> [Your goal]:
Find the line containing "Simple Black &", then return it and every line after it through the end of the records, exactly. Leave out pictures.

───── Entries shown ─────

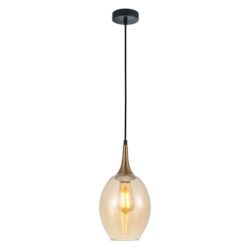BROTE Pendant Lamp Light Interior ES 72W Bronze Amber Wine Glass OD180mm x H340mm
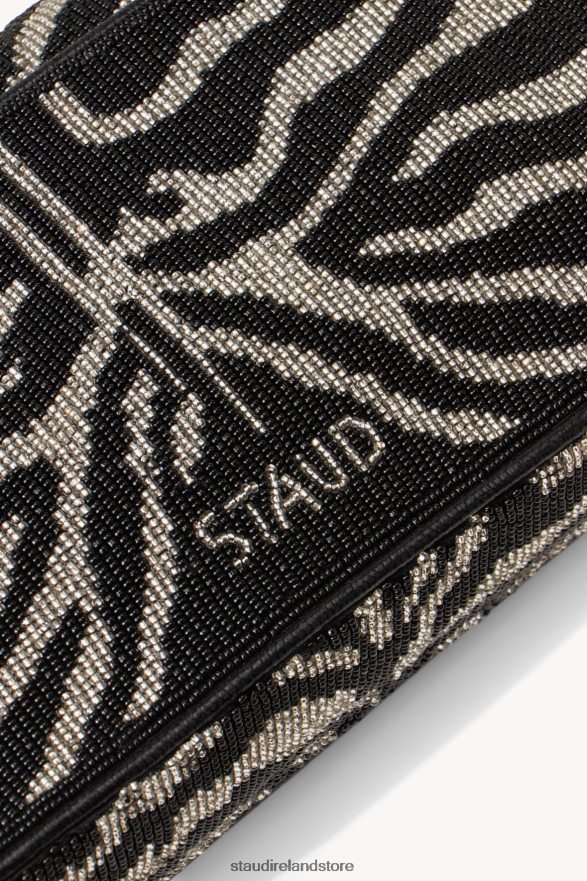 Women Clothing Black White STAUD TOMMY BEADED BAG H8RLPJ718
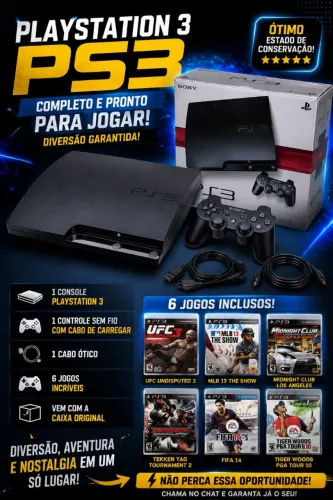 PlayStation 3 Super Slim Completo + 6 Jogos + Caixa Original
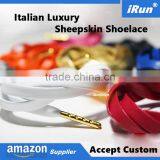 Flat Leather Shoelaces - Luxury Sheepskin Leather Shoelaces - Sneaker Leather Laces - Accept Custom Color Length - 9 Colors thumbnail-1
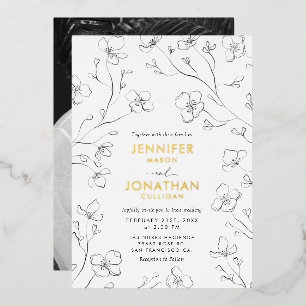 Simple Black & White Photo Wedding Gold Foil Invit Invitation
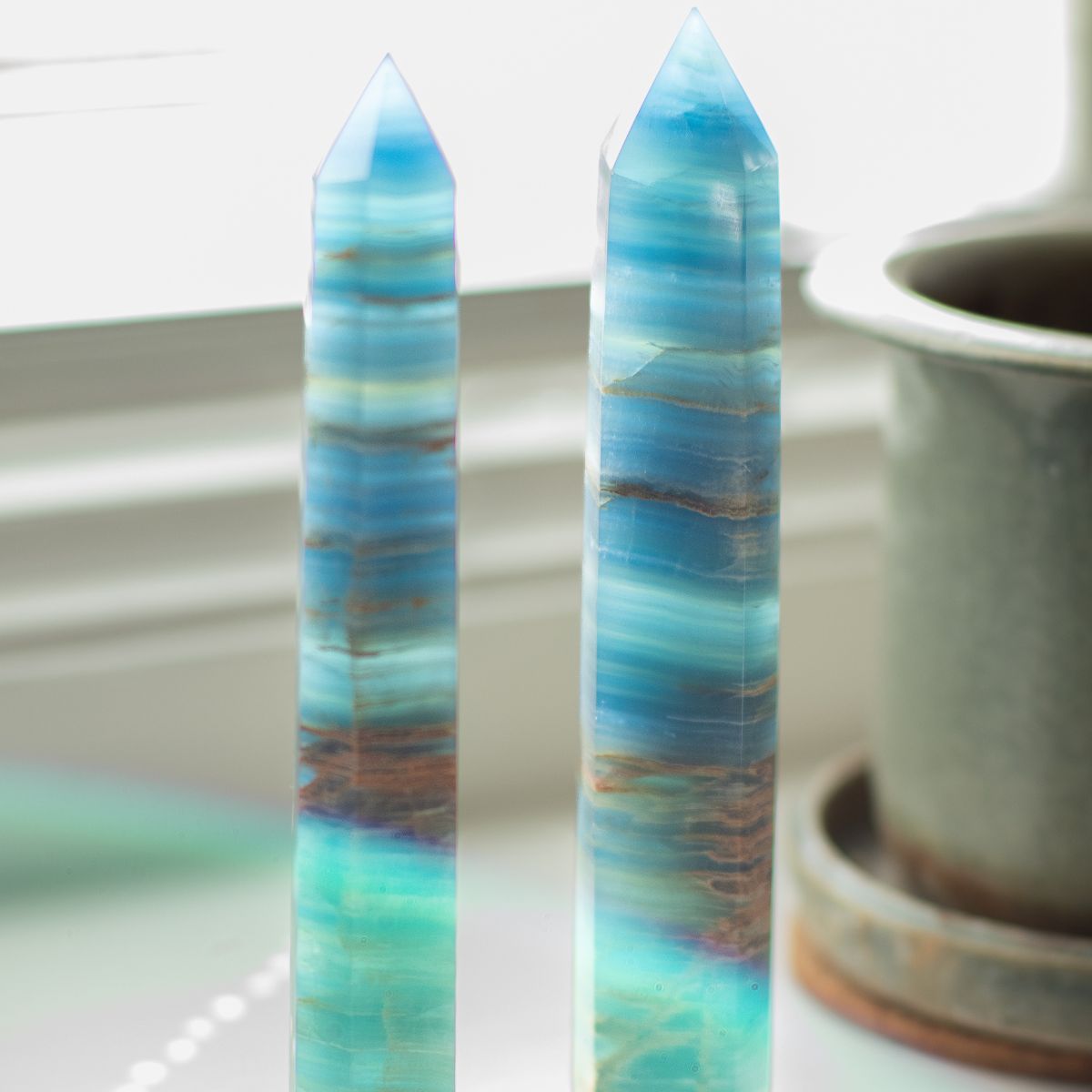 Blue Lemurian Calcite Tower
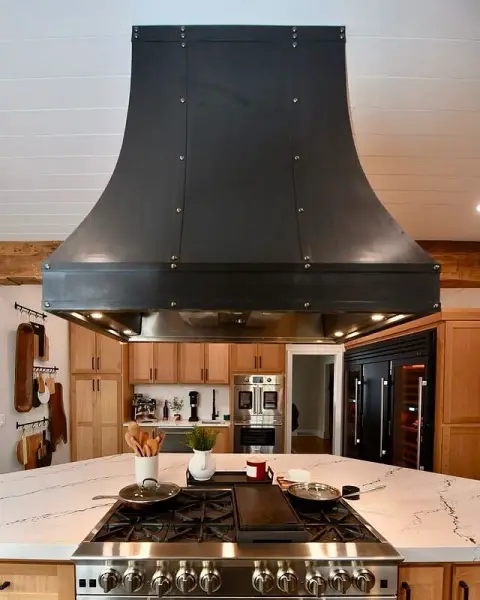 Timeless And Elegant Zinc Or Metal Range Hood Design For Kitchen Remodeling kitchen range hood
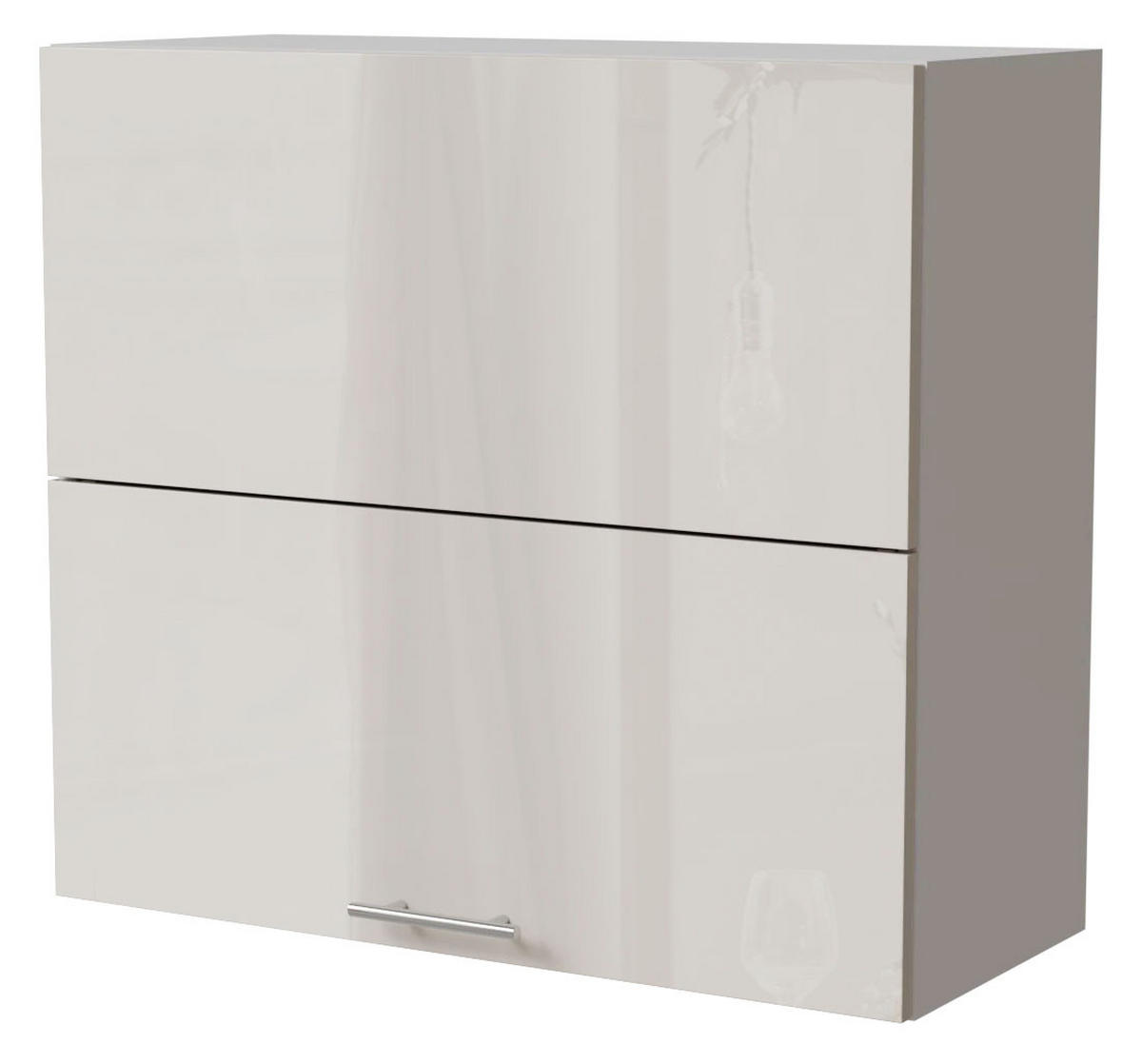 KLAPPHÄNGESCHRANK Brerra W8B/80-AV Weiß / RAL 9001 creme Hochglanz 80 / 32,5 / 72cm - Creme/Weiß, Holz/Holzwerkstoff (80/72/32.5cm) - Feldmann-Wohnen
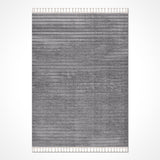 Grey Living Room Rug with White Stripes Modern Design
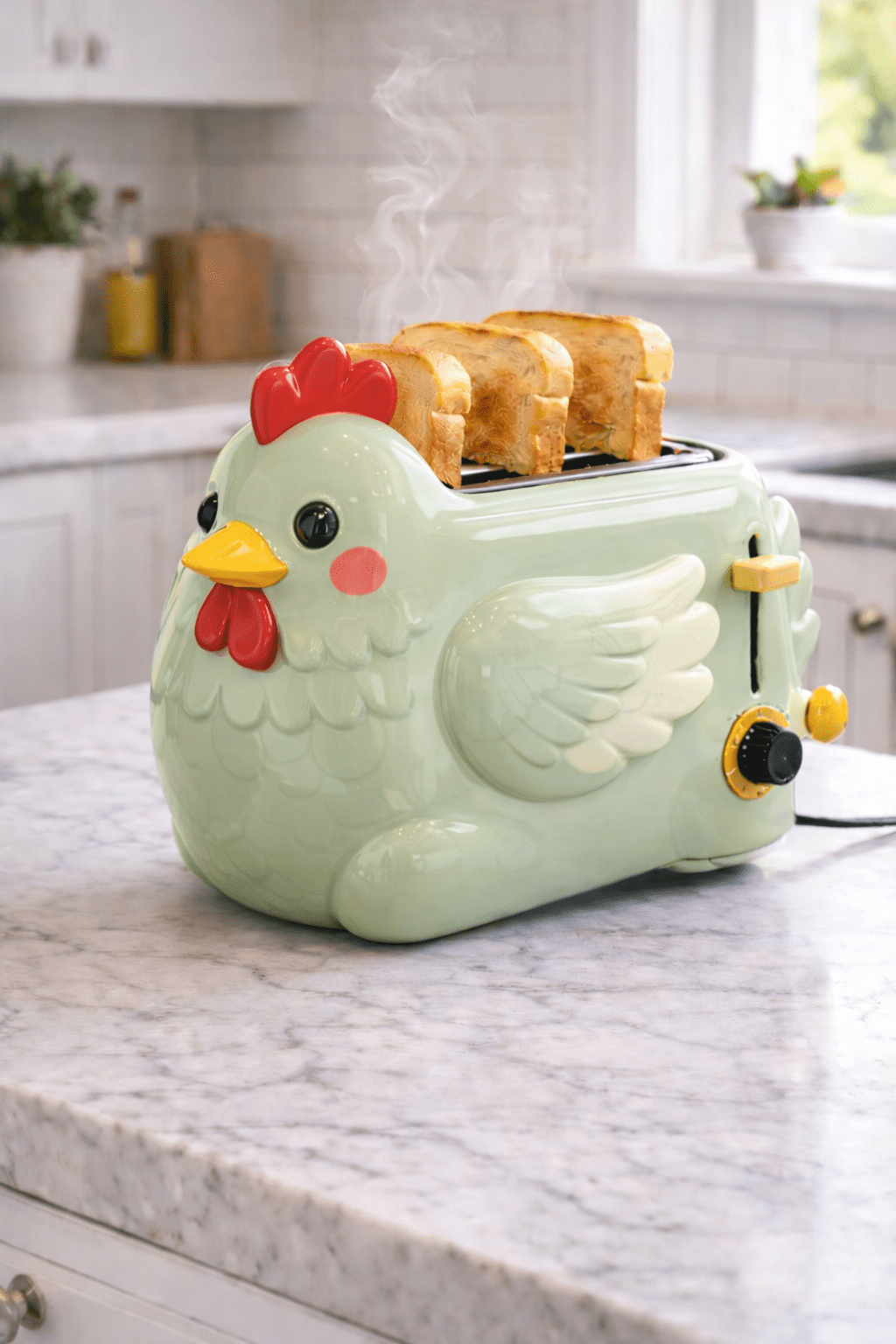 Sage green chicken-shaped toaster adding a playful touch to a stylish kitchen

─────

> [Response to this task]:
 Simple Black & White Photo Wedding Gold Foil Invit Invitation
 Blue Lemurian Calcite Tower
 Timeless And Elegant Zinc Or Metal Range Hood Design For Kitchen Remodeling kitchen range hood
 KLAPPHÄNGESCHRANK Brerra W8B/80-AV Weiß / RAL 9001 creme Hochglanz 80 / 32,5 / 72cm - Creme/Weiß, Holz/Holzwerkstoff (80/72/32.5cm) - Feldmann-Wohnen
 Grey Living Room Rug with White Stripes Modern Design
 Sage green chicken-shaped toaster adding a playful touch to a stylish kitchen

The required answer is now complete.